T.R. Reid, a company spokesman, said that Michael Dell had only started to discuss the idea of shifting the chief executive title to Rollins with directors in the last week in advance of a board meeting on Thursday in New York.
Michael Dell is following the lead of several other prominent technology executives who gave up the chief executive spot at their companies. In 1998, Craig Barrett took over as chief executive of Intel from Andrew Grove. And in 2000, Bill Gates handed the chief executive job at Microsoft to Steve Ballmer. Both Grove and Gates remained chairman at their companies.
Rollins, who had been a partner at Bain & Co, a consulting firm, joined Dell in 1996 as the senior vice president for strategy. He became Dell's president in 2001, and his office shares an always-open sliding glass door with that of Michael Dell.

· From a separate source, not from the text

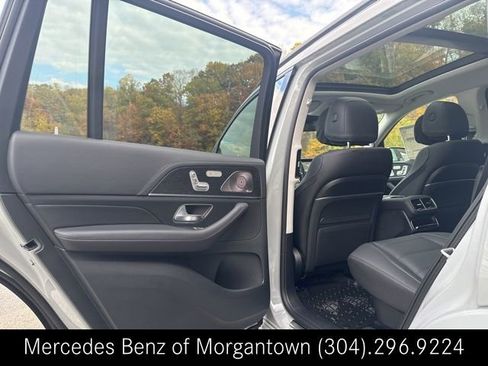 New 2026 Mercedes-Benz GLS 450 4MATIC image 25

"Michael is very secure and he doesn't feel like he has to have every title," said Steven Milunovich, an analyst with Merrill Lynch. "He and Kevin have complementary skills and they both work together."
Dell, based in Round Rock, Texas, has become the largest and the only consistently profitable company in the personal computer business. It has mastered the business model of selling computers directly to customers who order over the telephone or the Web. It builds computers to order, keeping the cost of its inventory low. This approach makes it possible for the company to offer better service and lower prices.